戦前、数多くのB級時代劇を作っていたらしい極東キネマの忍術映画。

今残っているこの時代の映画のスチールには、侍とロボットが一緒に写っていたり、「怪傑ライオン丸」に登場するタイガージョーに瓜二つのキャラが写っていたりと、好奇心をかき立てて止まない奇想天外な作品がたくさんあったようなのだが、何せ現存しているフィルム自体が少なく、ほとんど観る機会がなかったのだが、今回、その一部らしき作品を目に出来ただけでも嬉しかった。

内容はと言えば、初歩的なキャメラトリックを使ったたあい無い忍術ヒーローファンタジーなのだが、どことなく懐かしさを感じたりする。

その理由は、そこで描かれている世界観が、TV初期の頃の子供向け時代劇そっくりであること。

又、その後の、東映変身ヒーローもの、特に、戦隊ものの原点のように見えるためだと思う。

TV初期の頃の子供番組「怪傑鷹の羽」(1960)とか「変幻三日月丸」(1959)「竜巻小天狗」(1960)に登場する忍術と言うのは、ここで描かれているのとほとんど同じ、印を結ぶと、侍たちが逆回転で動いたり、姿が消えたり、突如炎がオーバーラップされたり…と言った、初歩的なキャメラトリックを使ったものだった。

又、忍術使いが印を結ぶと、煙玉が爆発し姿が消えるなどと言う手法は、後の変身ヒーローもので、ヒーローにやられた怪人が爆発して消滅したりするシーンの元ネタだろう。

複数ヒーローの中に、ちょっととぼけたキャラが混じっているお約束もこの当時からあるのに驚かされる。

今観ると、完全に子供向けのように見えるのだが、登場人物の中には実在した人物名なども混ざっており、当時はこの手の映画を無邪気に楽しむ大人もいたのかも知れない。
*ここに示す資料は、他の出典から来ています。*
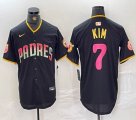 Nike San Diego Padres #7 Ha Seong Kim black red green MLB Baseball jerseys 03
この手の忍術映画は、あんまりヒーローが何でも出来る魔法使いであり過ぎるため、ヒーローがピンチに陥ると言ったサスペンスが生まれ難いのが難と言えば難だろう。

ヒーローが無敵過ぎるため、剣劇の迫力も生まれない。

何しろ、敵の大軍を一瞬にして消してしまえるのだから、最初から勝負にならないのだ。

それでも、当時は、人間が消えたりするだけで楽しかったんだろうと想像する。

今のVFXで描く「剣と魔法」映画の走りのようなものだからだ。

ちなみに、主役、大島新六郎の最後の忍び装束姿は、全身鎖帷子風でやけにかっこいい。

顔も目張りを入れた目元涼しく、きりっとしたイケメンで、当時人気が出たのも分かる気がする。

サウンド版なので一応音は入っているのだが、役者がセリフを言っているのではなく、字幕の説明文が出た上に、語り(ナレーション)が声で弁士風に説明し、チャンバラシーンなどになると、三味線などの鳴りものが入ってにぎやかに演奏すると言う形になっている。

娯楽が少なく、動く映像自体が物珍しかった時代だけに、当時としては、これはこれでさぞかし楽しかったに違いない。

▼▼▼▼▼ストーリーをラストまで詳細に書いていますので、ご注意ください!▼▼▼▼▼

1937年、極東キネマ、板間清彦原作、板間清彦脚本、山口哲平監督作品。

日の丸の旗がひらめき、極東キネマの会社ロゴ

スタッフロール

「劇を織る人」の文字の後キャストロール

信州の山奥

その頂に立つ1人の白髪白ヒゲの仙人風の男、戸隠老人

その戸隠老人、山道を登って来る1人の旅人を発見、江戸からの使者と見抜く。

旅人が川で水を飲んでいると、その背後に突如出現した戸隠老人は、ご苦労とねぎらいの言葉をかける。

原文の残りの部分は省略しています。